For a prime $p$, a natural number $n$ and an integer $a$, we let $S_n(a,p)$ denote the exponent of $p$ in the prime factorisation of $a^{p^n} - 1$. For example, $S_1(4,3) = 2$ and $S_2(6,2) = 0$. Find all pairs $(n,p)$ such that $S_n(2013,p) = 100$.
Problem
Source: Indian IMOTC 2013, Practice Test 1, Problem 1
Tags: number theory proposed, number theory
06.05.2013 10:13
Since $S_ n(2013,p)=2013^{p^n}-1$, we get $p|2013^{p^n}-1\implies (2013,p)=1$. But, using FLT, $p|2013^{p-1}-1| 2013^{p^n-1}-1 \implies p|2012 \implies p=2,503$. Now, using LTE, we get $(n,p)=(99,503),(98,2)$.
06.05.2013 13:43
My solution is same as dibyo99
08.05.2013 07:46
We are given , highest power of $p$ dividing $2013^{p^n} -1 $ = $100$ . since $p^{100}|2013^{p^n}-1 \implies (p,2013)=1$ Now we using Fermat theorem , which gives $p|2013^{p-1}-1$ and since $(a^n-b^n,a^m-b^m) = a^{(n,m)} - b^{n,m} $ Gives , $p|2013^{p^n-1}-1$ and since $p|2013^{p^n}-1$ means $p|2012 $ which means $ p=2,503$ . If $p=2$ then , Since $4|2012-1 \implies v_2(2013^{2^n}-1) = v_2(2012)+n = 2+n = 100 \implies n=\boxed{98}$ If $p=503$ then $v_{503}(2013^{503^n}-1) = 1+n=100 \implies n=\boxed{99}$ So only solutions are $(n,p)=(98,2),(99,503)$ $\Box$
26.12.2018 18:14
Nice and easy.
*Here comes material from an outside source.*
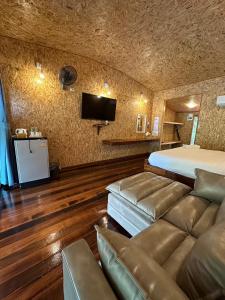 a bedroom with a bed and a couch and a tv at ธารามนตรา รีสอร์ท (Taramontra resort) in Tha Kradan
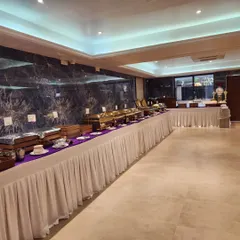 An angled shot of a long buffet line, showcasing the clean and organized arrangement. This setup is perfect for formal banquets and wedding receptions.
Here's my solution: We are given that $p \mid 2013^{p^n}-1$. Taking $\text{ord}_p(2013)=k$, we have $$k \mid p^n \Rightarrow k=p^r \text{ for some } r \in \{0,1, \dots ,n\} \Rightarrow \text{As } k \mid \phi(p) \text{, so we get that } p^r \mid p-1 \Rightarrow r=0$$where the last equality follows from the fact that $\gcd(p^r,p-1)=1$. This means that $p \mid 2013-1 \Rightarrow p=2 \text{ or } 503$. Then, using Lifting The Exponent Lemma, one easily gets the desired solutions as $\boxed{(p,n)=(2,98) \text{ or } (503,99)}$
08.02.2022 15:13
$2013^{p^n} \equiv 2013^{p^{n-1}} \equiv ... \equiv 2013 \equiv 1$(mod$p$).
06.11.2024 19:21
$S_n(a,p)= \nu_p(a^{p^n}-1)$. $a^{p^n} \equiv 1(mod p) \implies ord_p(a)=p^k$ and divides $p-1$ which gives $a-1$ is divisible by $p$. This implies $p=2,503$. Now just use $LTE$ to finish.